▶ _WHAT TO PRODUCE_:
Nothing but the pictures should go missing; return all the entries below exactly.

▶ _MATERIAL FOR THE TASK_:
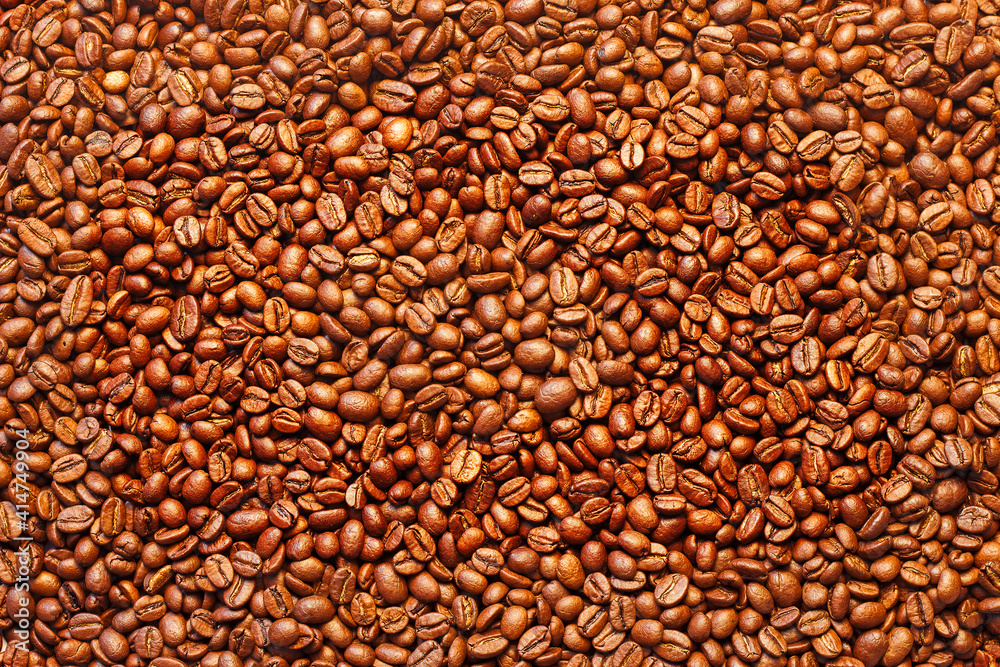 background image: top view of a scattered pile of dark brown coffee beans background image: top view of a scattered pile of dark brown coffee beans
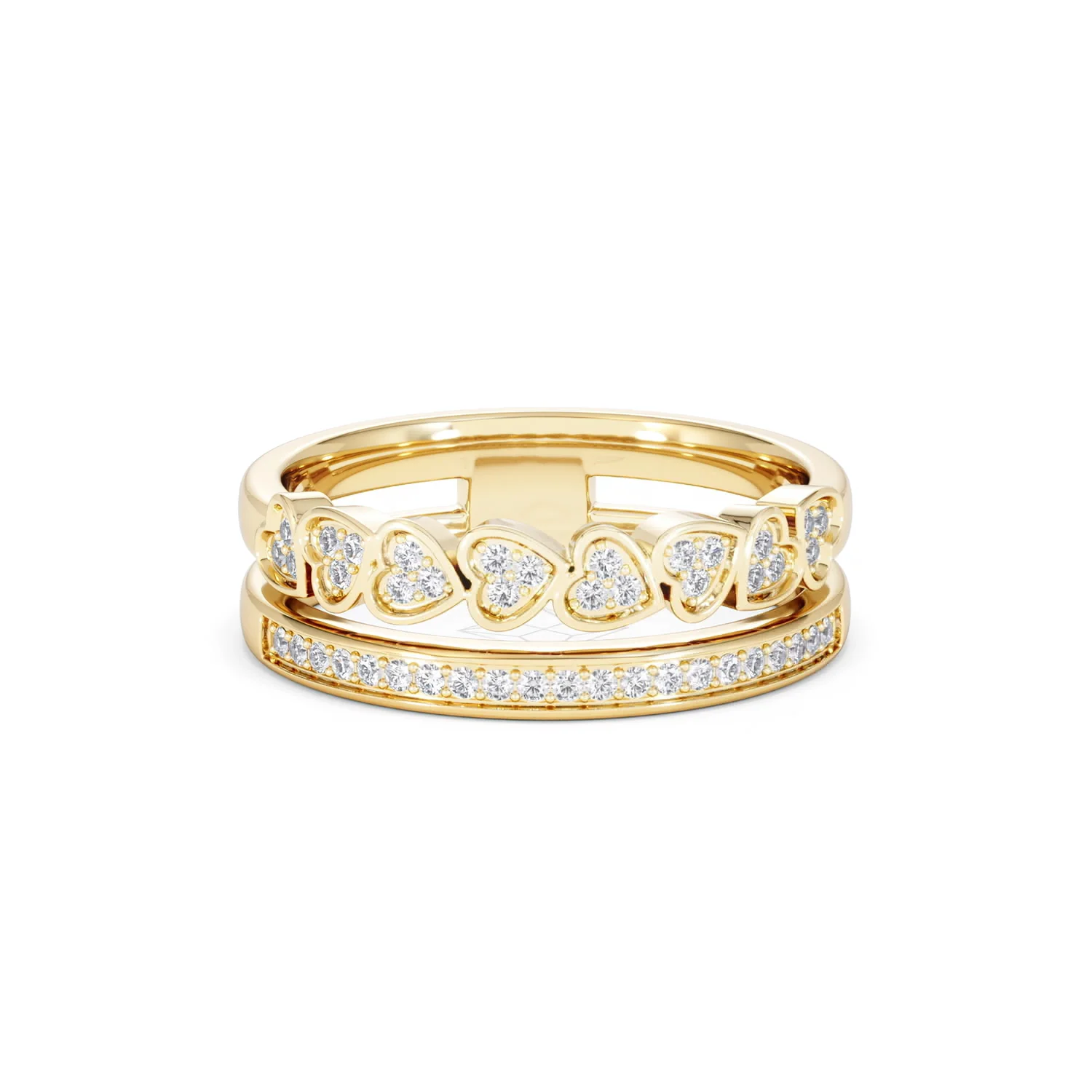 Interlocking Heart Stacking Lab Diamond Ring 0.20ct in 18K Gold Vermeil - Image 11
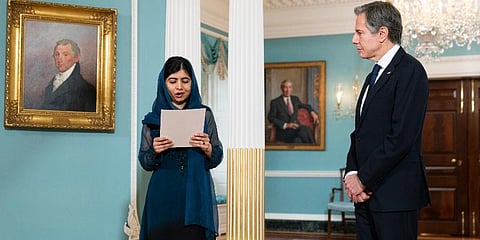 Secretary of State Antony Blinken, listens to Pakistani activist for female education Malala Yousafzai, speaks in the Treaty Room at the State Department, Monday, Dec 6, 2021, Washington. (Photo | AP)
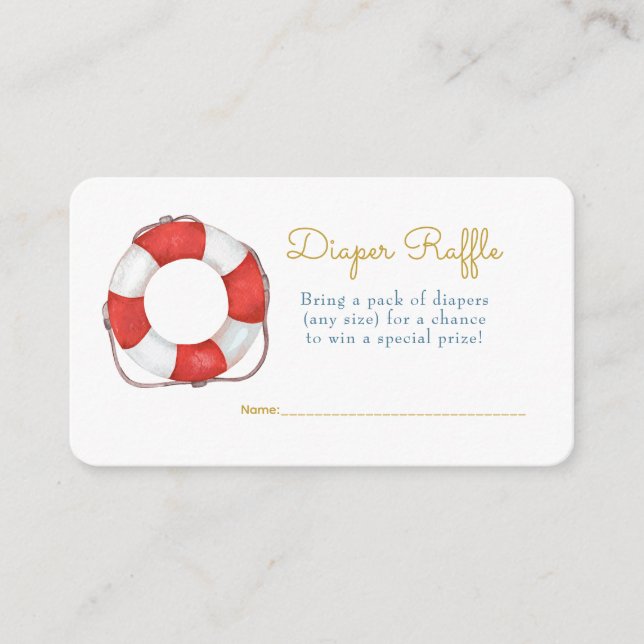 Cartão De Informações Ahoy É um garoto Marinheiro Fralda Raffle (Frente)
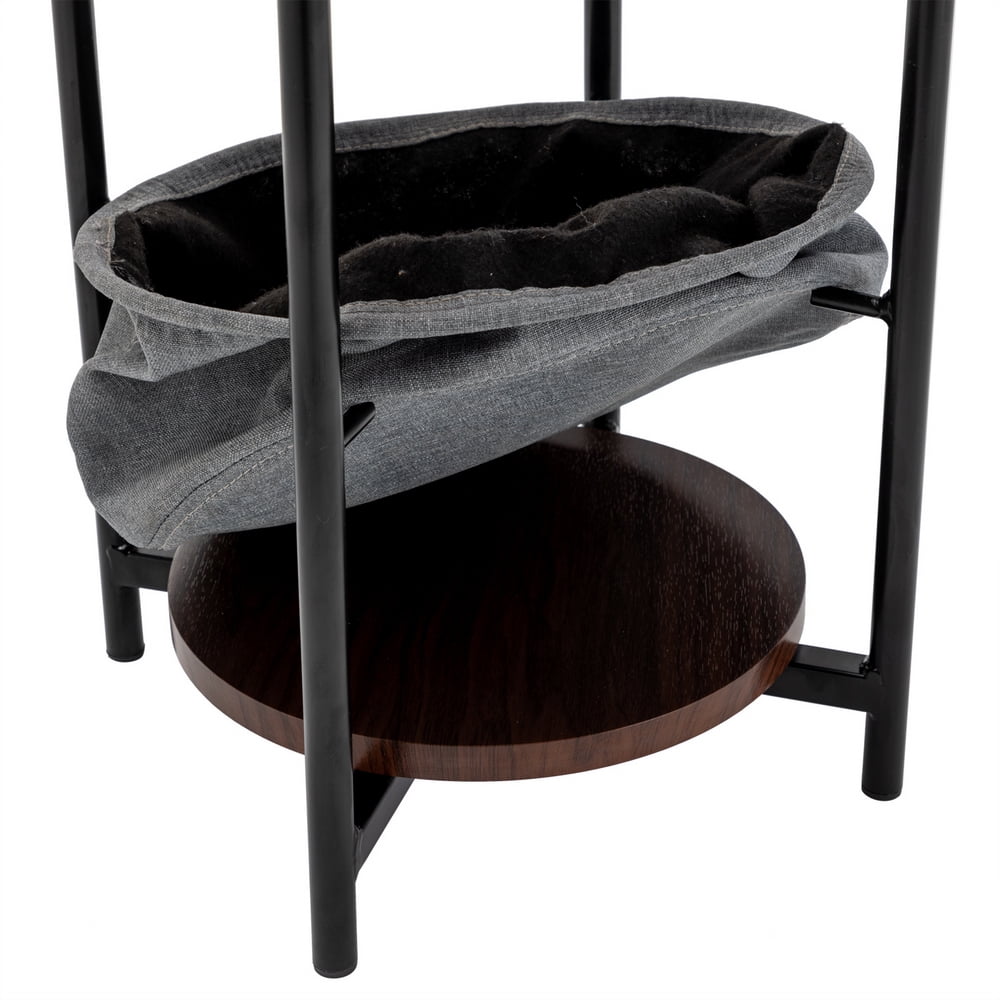 Private Jungle Double-layer Round Tea Table with Detachable Tray Top and Fabric Storage Basket, Gray Private Jungle Double-layer Round Tea Table with Detachable Tray Top and Fabric Storage Basket, Gray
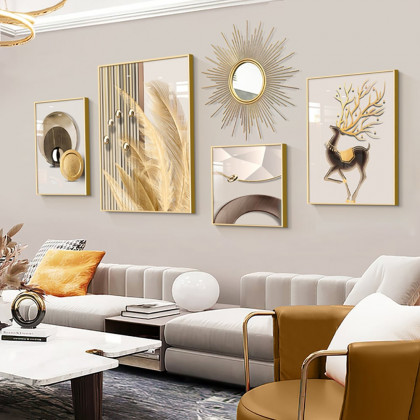 HMR - 5-Piece Wall Art Set with Golden Accents Modern Abstract Designs for Luxurious Home Deco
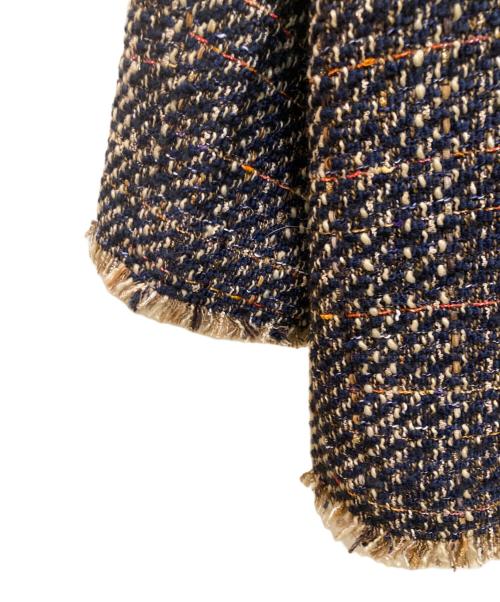 journal standard L'essage（ジャーナルスタンダード レサージュ）journal standard L'essage (ジャーナルスタンダード レサージュ) GIOLICA ツイードビッグジャケット ネイビー サイズ:Freeの古着・服飾アイテム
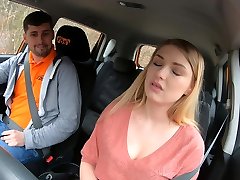 Fake Driving School Lucy Heart uses her Body to Pay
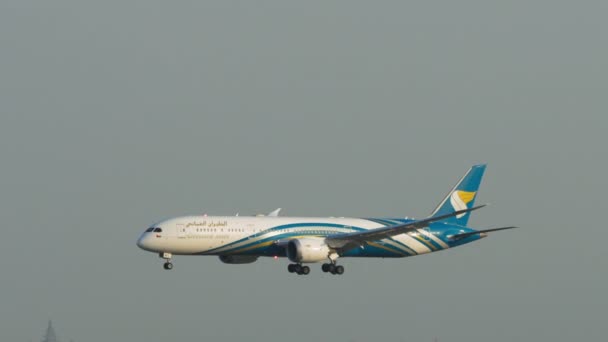 Bangkok Thailandia Gennaio 2023 Dreamliner Boeing 787 A4O Dell Oman — Video Stock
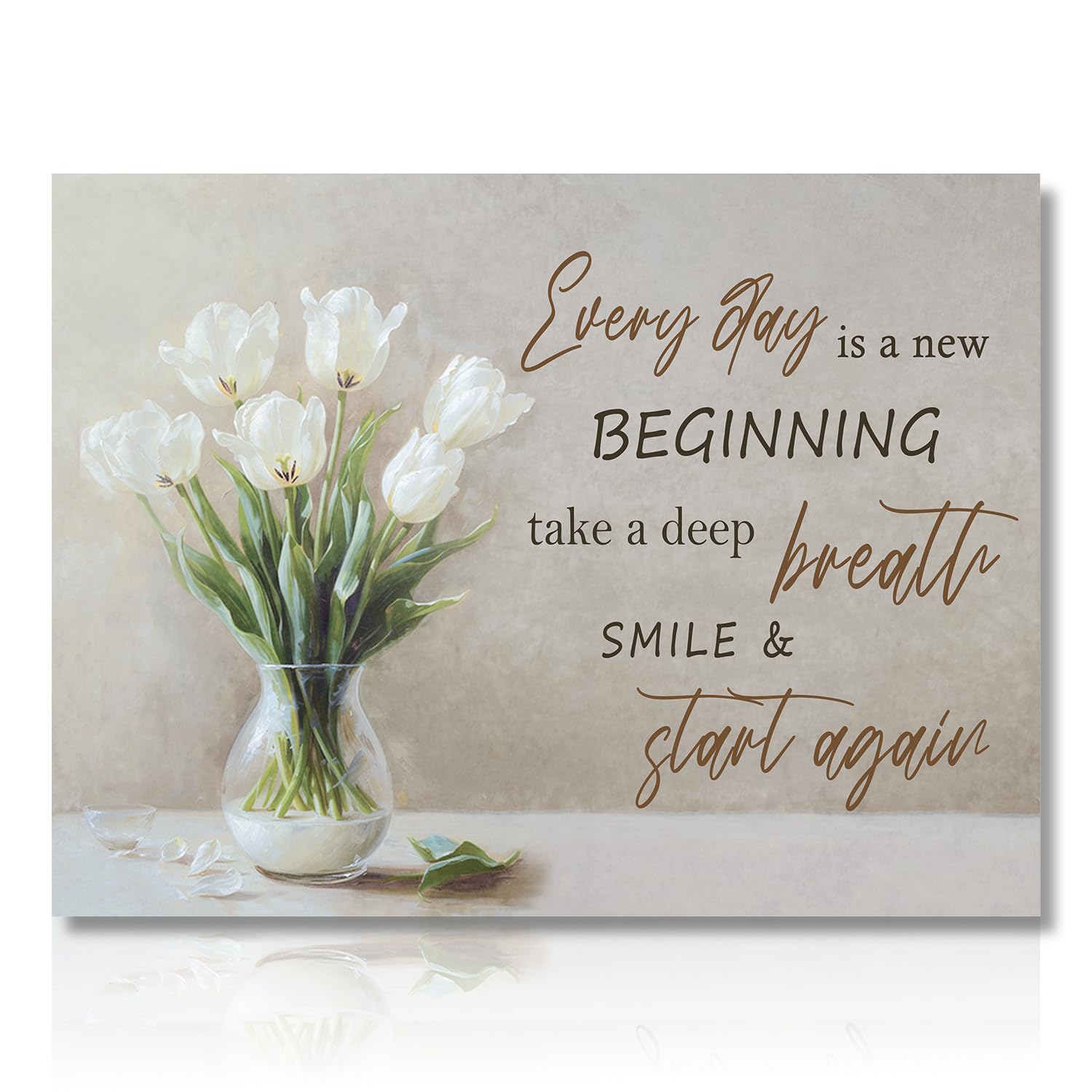 NymphFable White Flower Wall Decor Poster Motivational Quotes Wall Poster for Bedroom Living Room Decor 12x16 in Unframed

▶ _ANSWER TO THIS PROBLEM_:
 background image: top view of a scattered pile of dark brown coffee beans background image: top view of a scattered pile of dark brown coffee beans
 Interlocking Heart Stacking Lab Diamond Ring 0.20ct in 18K Gold Vermeil - Image 11
 Secretary of State Antony Blinken, listens to Pakistani activist for female education Malala Yousafzai, speaks in the Treaty Room at the State Department, Monday, Dec 6, 2021, Washington. (Photo | AP)
 Cartão De Informações Ahoy É um garoto Marinheiro Fralda Raffle (Frente)
 Private Jungle Double-layer Round Tea Table with Detachable Tray Top and Fabric Storage Basket, Gray Private Jungle Double-layer Round Tea Table with Detachable Tray Top and Fabric Storage Basket, Gray
 HMR - 5-Piece Wall Art Set with Golden Accents Modern Abstract Designs for Luxurious Home Deco
 journal standard L'essage（ジャーナルスタンダード レサージュ）journal standard L'essage (ジャーナルスタンダード レサージュ) GIOLICA ツイードビッグジャケット ネイビー サイズ:Freeの古着・服飾アイテム
 Fake Driving School Lucy Heart uses her Body to Pay
 Bangkok Thailandia Gennaio 2023 Dreamliner Boeing 787 A4O Dell Oman — Video Stock
 NymphFable White Flower Wall Decor Poster Motivational Quotes Wall Poster for Bedroom Living Room Decor 12x16 in Unframed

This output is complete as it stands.